**Exercise objective:**
Set every entry down again, unchanged, picture-free.

Short descriptive text snippets:
+--

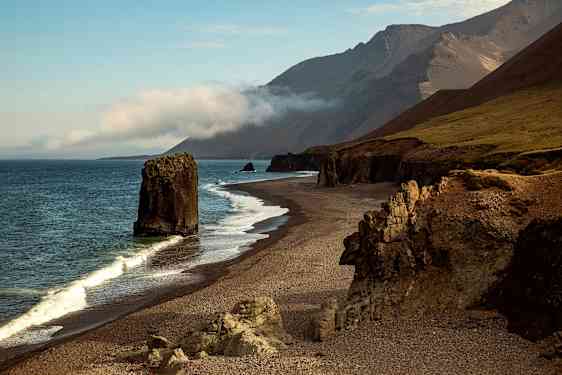 Bild av en klippig kust med en stor klippa i vattnet och berg i bakgrunden. (AI-genererad text)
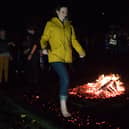 A woman takes part in the firewalk fundraising challenge to help the charity Katharine House Hospice (Image from Katharine House Hospice)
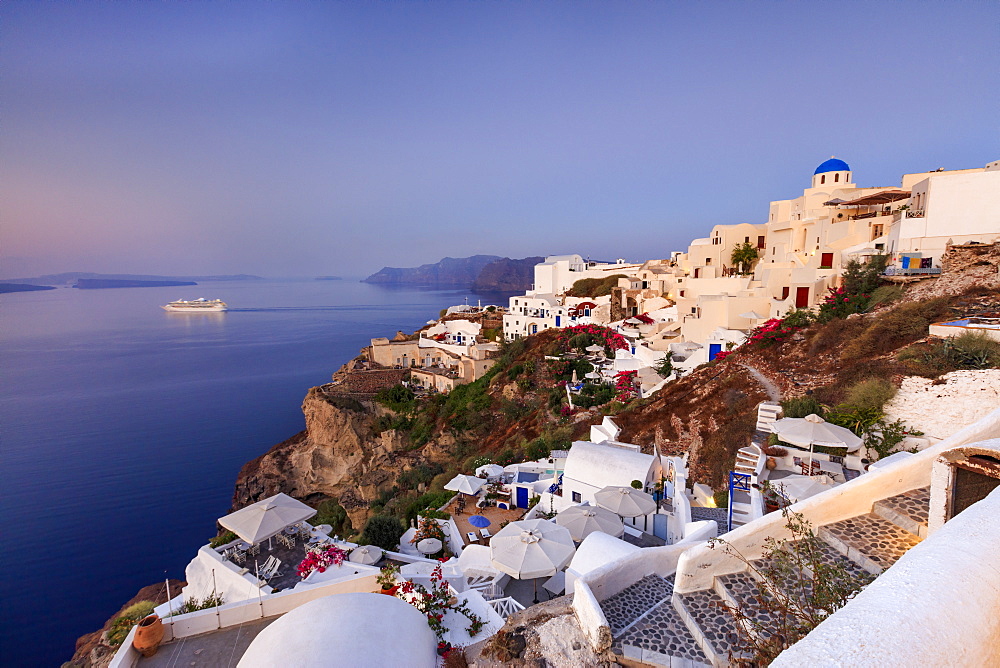 View of the Aegean Sea from the typical Greek village of Oia at dusk, Santorini, Cyclades, Greek Islands, Greece, Europe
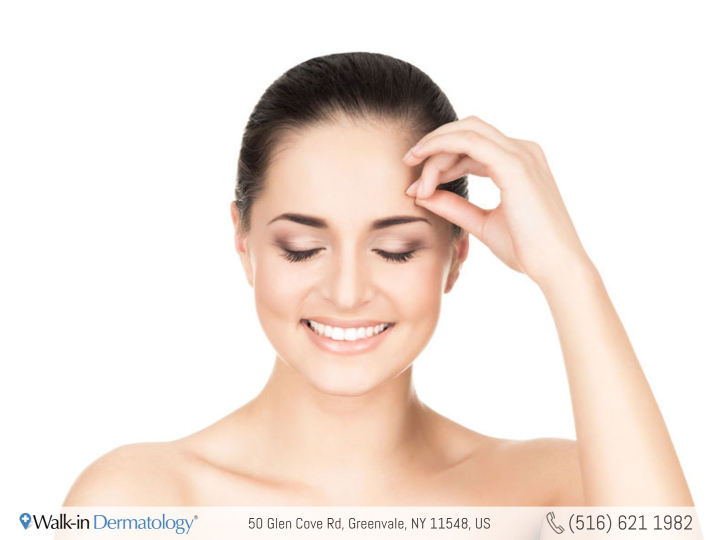 smiling woman touching her forehead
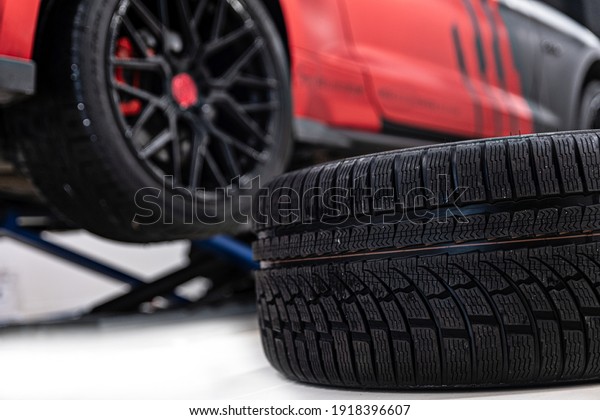 Changing\
car tire and wheel in the car mechanical\
service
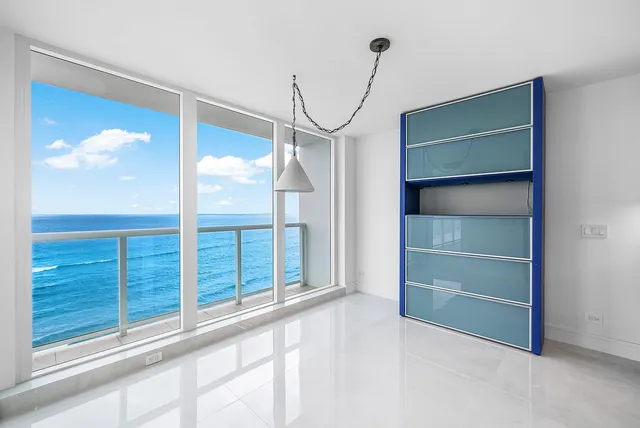 a large white kitchen with a large window a sink and stainless steel appliances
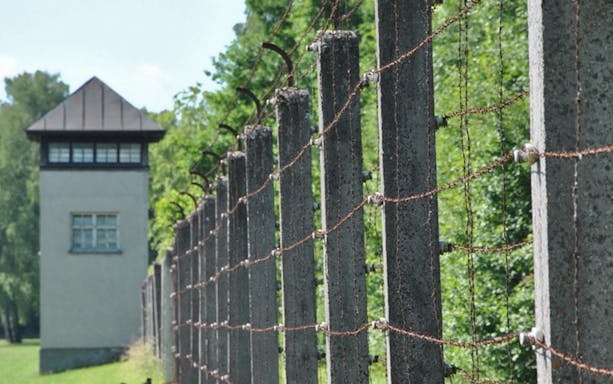 Visitors exploring Dachau Memorial, former concentration camp, Munich.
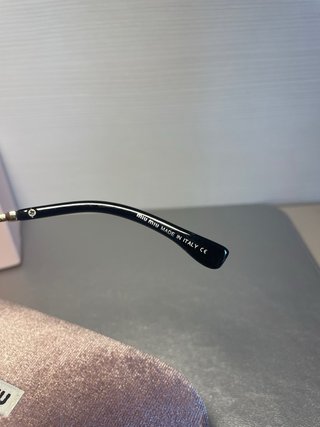 Gafas de Sol Miu Miu Negras y Doradas
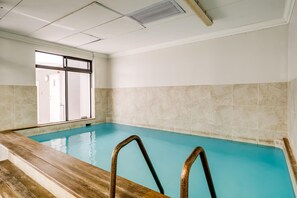An indoor swimming pool with clear blue water, wooden steps, and a tiled wall. - Cape Town Deluxe City Apartment Hafen Views (Cape Town)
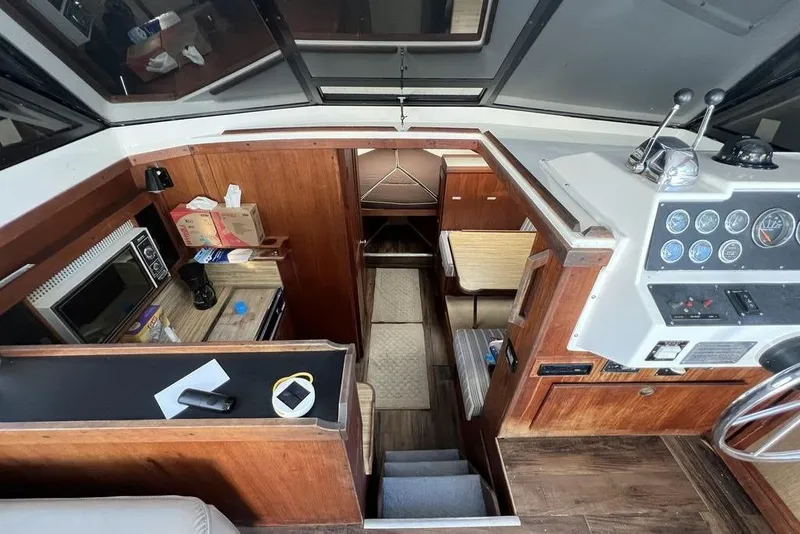Slide: The Image of 1978 Silverton F32 boat interior with wood paneling, kitchenette, and control panel. - 12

+--

**Response area:**
 Bild av en klippig kust med en stor klippa i vattnet och berg i bakgrunden. (AI-genererad text)
 A woman takes part in the firewalk fundraising challenge to help the charity Katharine House Hospice (Image from Katharine House Hospice)
 View of the Aegean Sea from the typical Greek village of Oia at dusk, Santorini, Cyclades, Greek Islands, Greece, Europe
 smiling woman touching her forehead
 Changing\
car tire and wheel in the car mechanical\
service
 a large white kitchen with a large window a sink and stainless steel appliances
 Visitors exploring Dachau Memorial, former concentration camp, Munich.
 Gafas de Sol Miu Miu Negras y Doradas
An indoor swimming pool with clear blue water, wooden steps, and a tiled wall. - Cape Town Deluxe City Apartment Hafen Views (Cape Town)
Slide: The Image of 1978 Silverton F32 boat interior with wood paneling, kitchenette, and control panel. - 12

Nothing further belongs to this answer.